The Other Side of 106 and Park

When I was on my way to show one of my friends the Graffiti Hall of Fame by 106 and Park, one of my childhood neighbourhoods, I could not help but notice this beauty along the way.

As you walk through Harlem, your eyes will be drawn to all the walls depicting black culture. With vibrant colours of neon green and electric blue, my obvious first thought was the artists ode to old school hip-hop channelling Africa Bambaataa’s Universal Zulu Nation movement.



As I continued walking throughout the streets, I am reminded of the importance of graffiti for the community. Symbols of black figures  drawn on the walls to mark the cultural movement of the hip-hop industry, from the DJs to the B-Boys and the MCs who brought the entertainment to our ears.

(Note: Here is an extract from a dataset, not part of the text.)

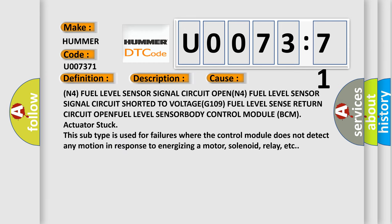N4 fuel level sensor signal circuit open. N4 fuel level sensor signal circuit shorted to voltage. G109 fuel level sense return circuit open. Fuel level sensor body control module BCM actuator stuck. This subtype is used for failures where the control module does not detect any motion in response to energizing a motor, solenoid, relay, etc.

However, the essence of hip-hop is not just to entertain the listener, but to tell a story and looking at this mural brings a sort of melancholy to the viewer. Like an MC, a graffiti artist let’s an audience see their ever-changing emotion and frustration with society through their art; therapy for the silenced and oppressed.

Seeing all the faces of black men that have been lost to police brutality immortalized with a spray can was a definite reminder of the injustices we see today. It felt as if no matter how far you come or how much you accomplish, you are still held down to an outdated stereotype.

Was that how this artist felt? That was an answer I left for another day.


As we grew closer to the Graffiti Hall of Fame, I felt as if I stepped back in time, turning off Google Maps and letting my body take over, guiding me in the same direction I took as a little girl. First passing through Central Park to a familiar building that was once viewed as a project (and my father’s home) is now considered a pricey real-estate venture. Typical of New York housing and all too familiar to residents who are forced out of their homes, because of new management’s greed .


Finally arriving to a familiar destination I once knew as a child was a thrilling feeling. I can’t say I miss the smells or sounds, but the wondrous colours and stimulating images that changed depending on the community’s mood was a welcoming feeling.

Harlem will always be an interesting neighbourhood, because I remember Harlem for the block parties and the smorgasbord of black and puerto rican culture. Now that it is turning into this metropolitan gentrified borough, I almost do not recognize it. However, it will be these walls that remind me what Harlem was really all about.